Tibbles are rectangular stores of data. They are a specific type of data frame, so we will use both terms interchangeably.

You need to practice every day.

Do not use pie charts.

Shield my eyes from your ugly messages and warning.

Each step in the pipe starts with a tibble and then, once it is done, produces a tibble. It is tibbles all the way down!

When your R code is behaving in a weird way, especially when it is “losing” rows, the problem is often solved by using ungroup() in the pipeline.

The two most important attributes of a distribution are its center and its variation around that center.

In this chapter, we first looked at basic coding terminology and concepts that we deal with when programming with R. We then learned about the three basic components that make up each plot: data, mapping, and one or more geoms.

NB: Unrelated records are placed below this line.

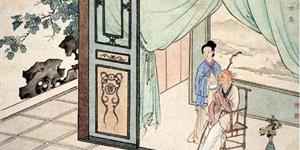 中国传统的“二十四孝”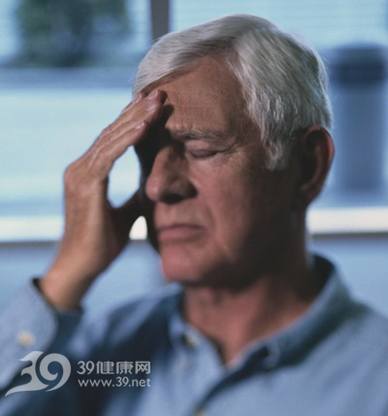 老年人应保证足够的睡眠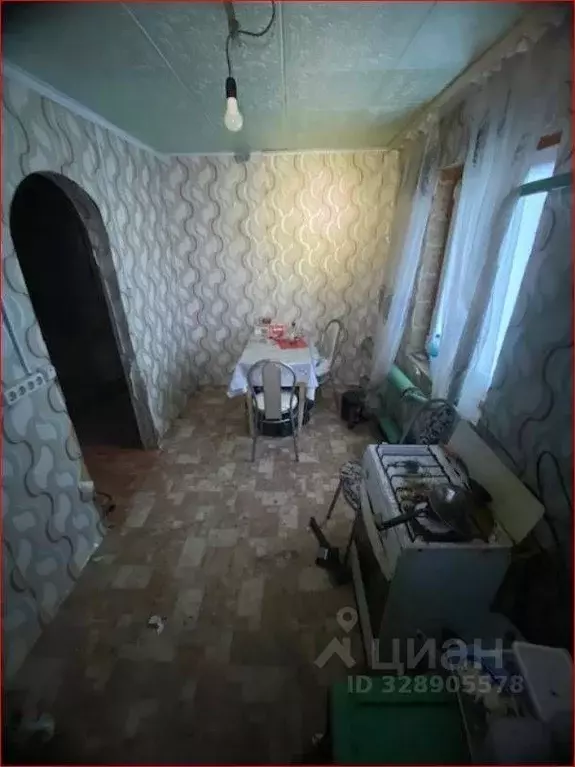 Дом в Ханты-Мансийский АО, Нефтеюганск пер. Дорожный, 73Б (53 м) - Фото 2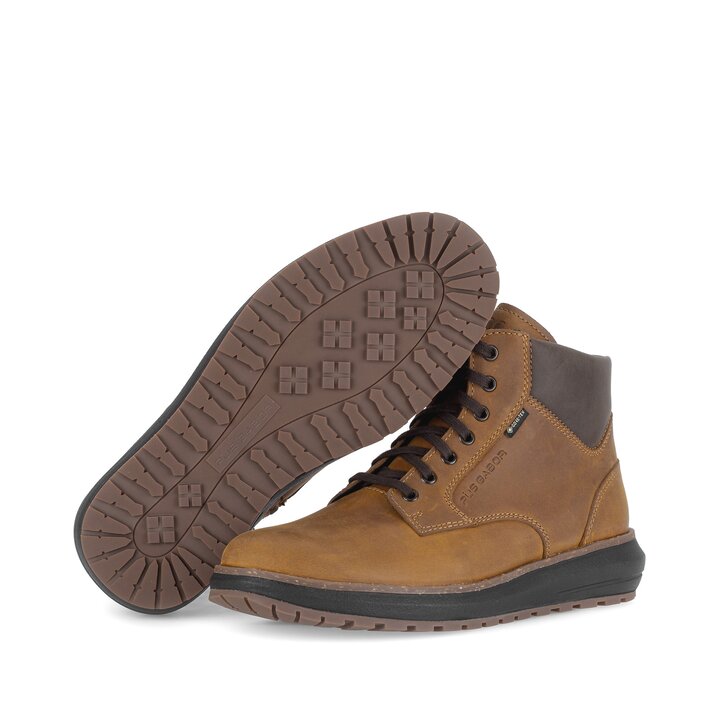 Gabor Enkellaar bruin #4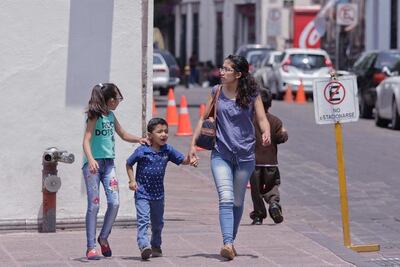 Buscan ampliar fondos al Instituto de la Familia de SJR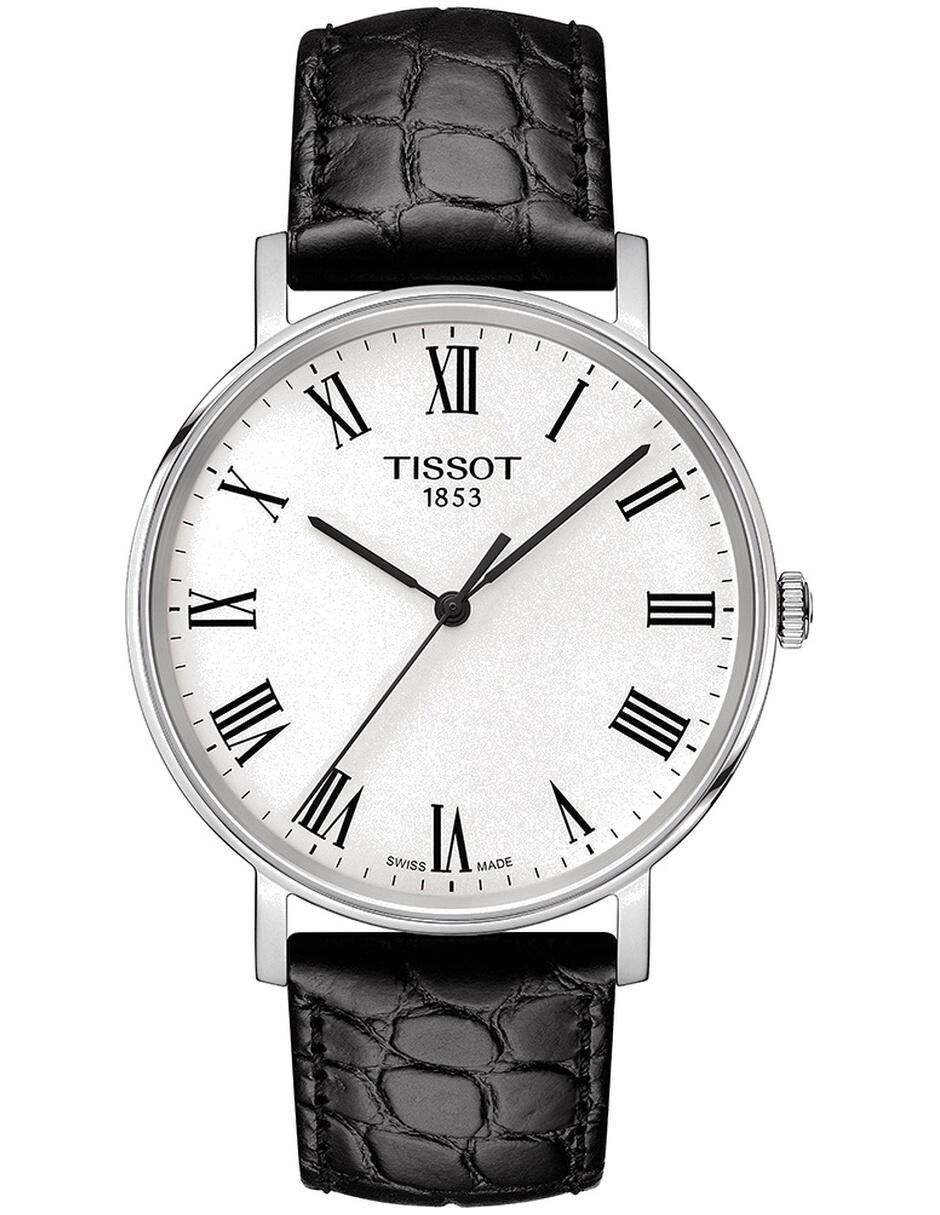 Reloj Tissot Hombre Everytime T109.410.16.033.01 - Imagen 1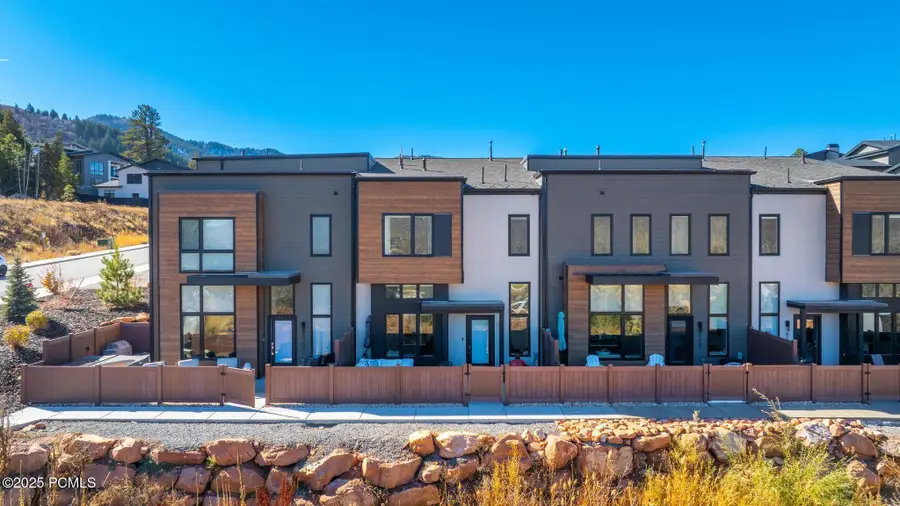 8254 N Sandalwood Lane, Park City, UT 84098 - #2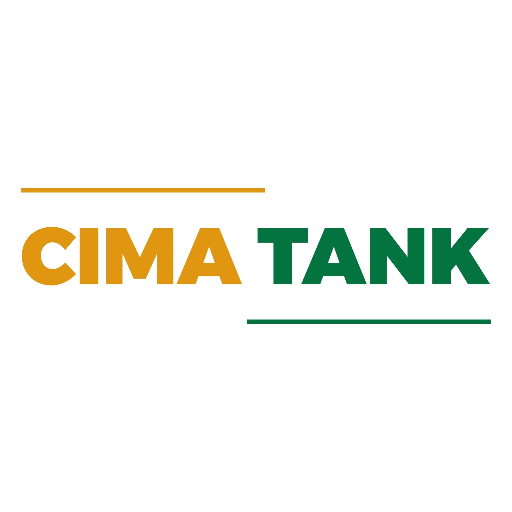 Logo CIMATANK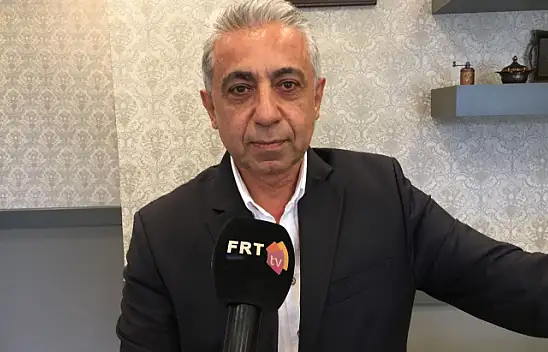 Özantep Baklavaları Fethiye'de hizmete girdi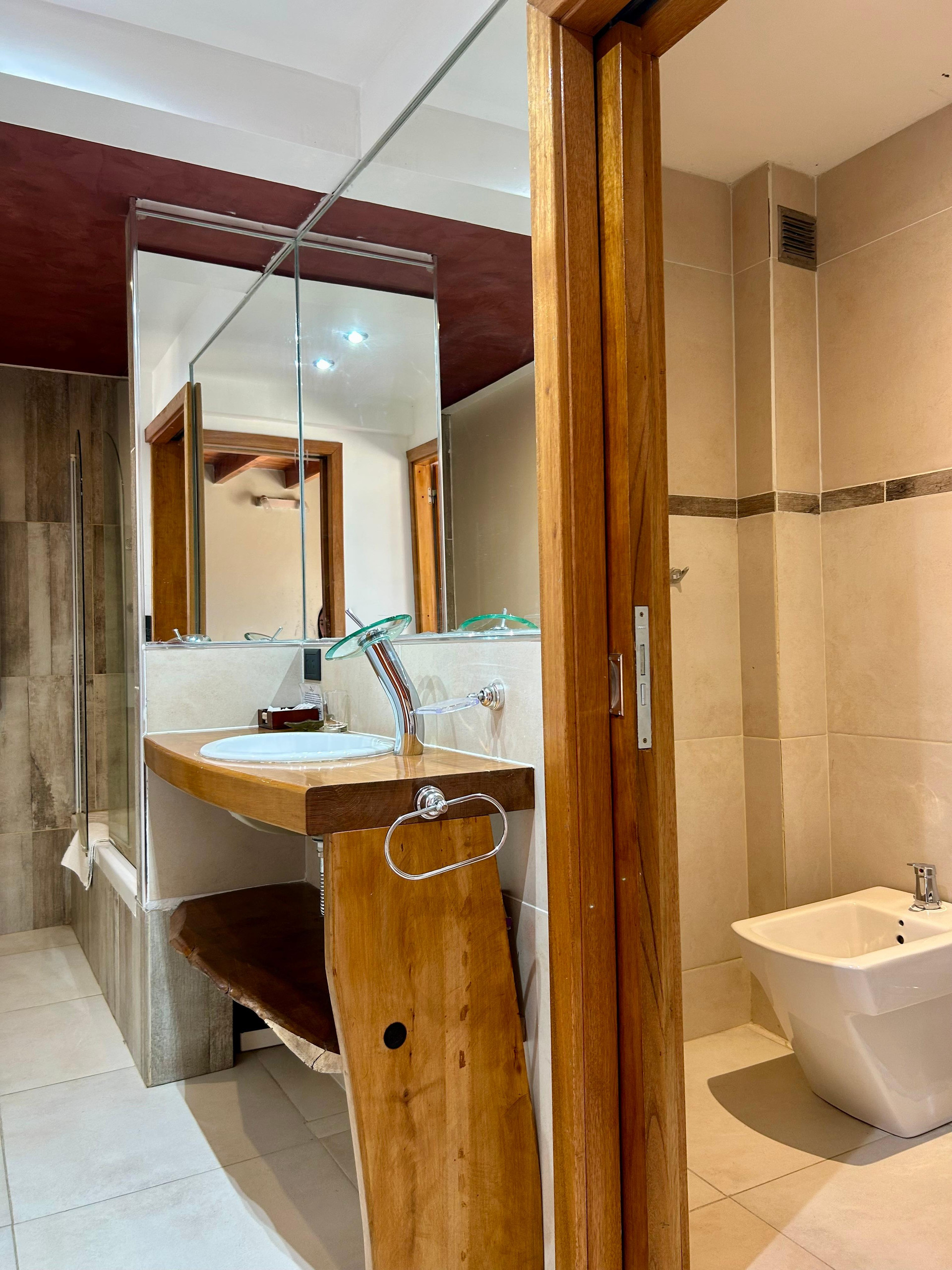 شقة بإطلالة على البحيرة، BAHIA PARAISO LUXURY SUITES 4/10
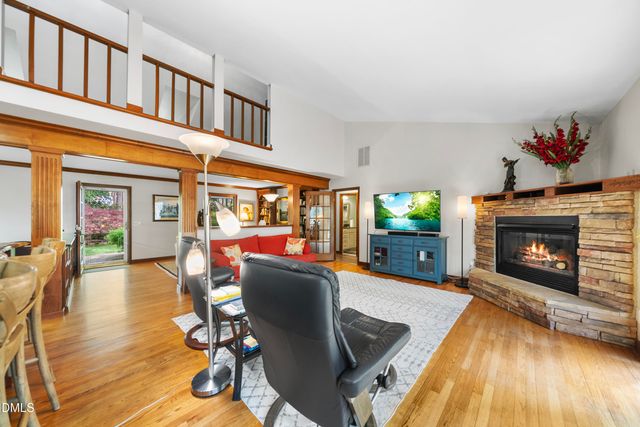 6200 Splitrock Trail, Apex, NC 27539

The ggplot2 package offers a wide range of geoms that we can use to create different types of plots. Next, we examined the “super package” tidyverse, which includes helpful tools for visualization. It also offers features for importing and manipulating data, which is the main topic of Chapter @(wrangling). Lastly, we explored advanced plotting features such as axis scaling, faceting, and themes.

Recall the plot we began the chapter with:

You now know enough to make plots like this by yourself.

A beautiful plot is just a collection of steps, each simple enough on its own. We have taught you (some of) these steps. Time to start walking on your own.